Here is how the National Rifle Association chose to respond to Giffords on Thursday:

The NRA has of course tangled before with Americans for Responsible Solutions, the group that Giffords and her husband, astronaut Mark Kelly, created to push for common-sense gun law reforms, such as closing the “gun show loophole” for background checks. But as far as I can tell, this is the first time that the NRA has taken a personal swipe at Giffords, mocking her reform efforts by directly invoking the shooting that nearly killed her.

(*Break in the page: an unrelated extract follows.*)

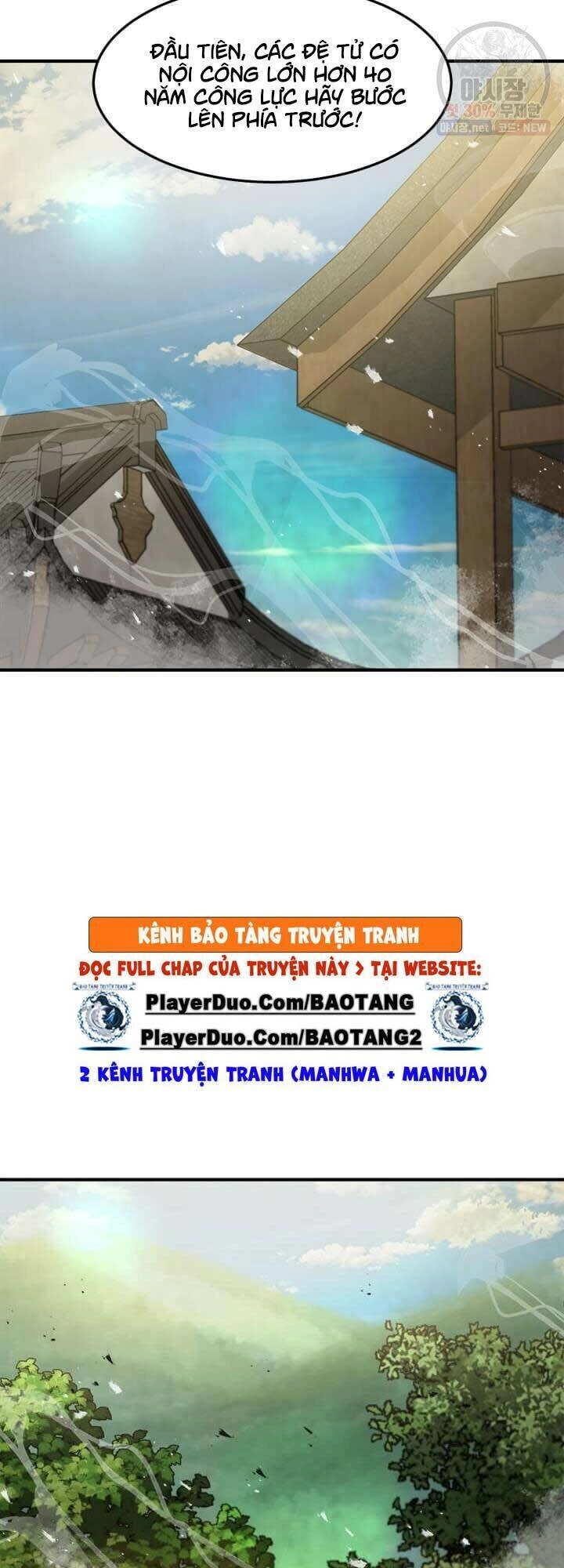 Đạo Sĩ Giang Hồ Chapter 41 - 37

The NRA tweet, which went out to the organization’s 264,000 followers, was promoting a piece by the conservative website Breitbart, which ridiculed Giffords’ renewed push for universal background checks by noting that the Tucson shooter, Jared Loughner, had passed a background check to acquire his Glock. “Yes, Loughner acquired his firearm via a background check, as did Jerad and Amanda Miller (Las Vegas), Elliot Rodger (Santa Barbara), Ivan Lopez (Fort Hood 2014), Darion Marcus Aguilar (Maryland mall), Karl Halverson Pierson (Arapahoe High School), Paul Ciancia (LAX), Aaron Alexis (DC Navy Yard), James Holmes (Aurora theater), Nidal Hasan (Fort Hood 2009), among others,” the article states. “But Giffords and her husband, Mark Kelly, stood with Democrat lawmakers to argue that expanding background checks to include gun show sales is a way of ‘stopping violence.’ ”

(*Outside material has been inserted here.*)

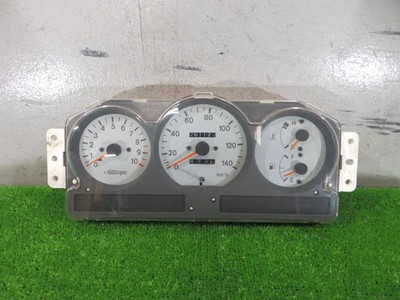Jimny E-Ja22W Speedometer K6A Turbo 1Vn 34100-8C2 34100-81Cm0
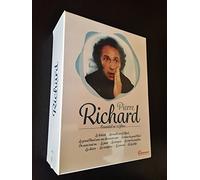 Coffret Pierre Richard 12 DVD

There are a few points worth noting. For one, Giffords and Kelly were not just standing with “Democrat lawmakers”—they were joined by Rep. Bob Dold, an Illinois Republican who co-authored the background check legislation, and the bill has three other Republican co-authors in the House. (Giffords’ group in general prides itself on having support from many Republicans and gun owners—Giffords and Kelly make much of fact that they themselves are gun owners.) For another thing, one of the above-mentioned shooters, Jerad Miller, complained bitterly prior to his attack about the difficulty he was having buying a weapon because, as someone with an extensive criminal record, he could not pass a background check—a sign that the requirement is not as ineffectual as its critics make it out to be.

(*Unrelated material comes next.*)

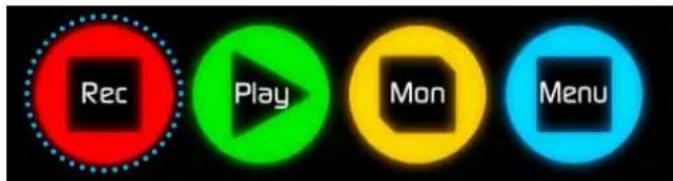 Rec Play Mon Menu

But the big problem with the mocking argument put forth by Breitbart and the NRA (which did not return a call seeking comment) is that it misses the entire point of Giffords’ advocacy. She is not devoting herself to the cause of expanding background checks because that measure would have stopped Loughner, but because that measure is the one that police and criminal justice experts believe would have the biggest impact on reducing gun violence overall. The same was true of the families of the victims in the Sandy Hook Elementary School massacre: Universal background checks would not have stopped Adam Lanza, who got his guns from his mother, but the families wanted to push for whatever reform would limit shooting deaths, period. Making it harder for people with criminal records, histories of domestic violence, and adjudications for mental illness to obtain guns is one of the best measures at our disposal to do so.

In other words, Giffords and others whose lives have been upended by gun violence are thinking about others, not themselves—they are exhibiting a form of political empathy. It’s a concept that is apparently foreign to the NRA—which would help explain why the organization thinks it’s perfectly acceptable to casually taunt a victim of gun violence who is still trying mightily to recover from her near-death experience.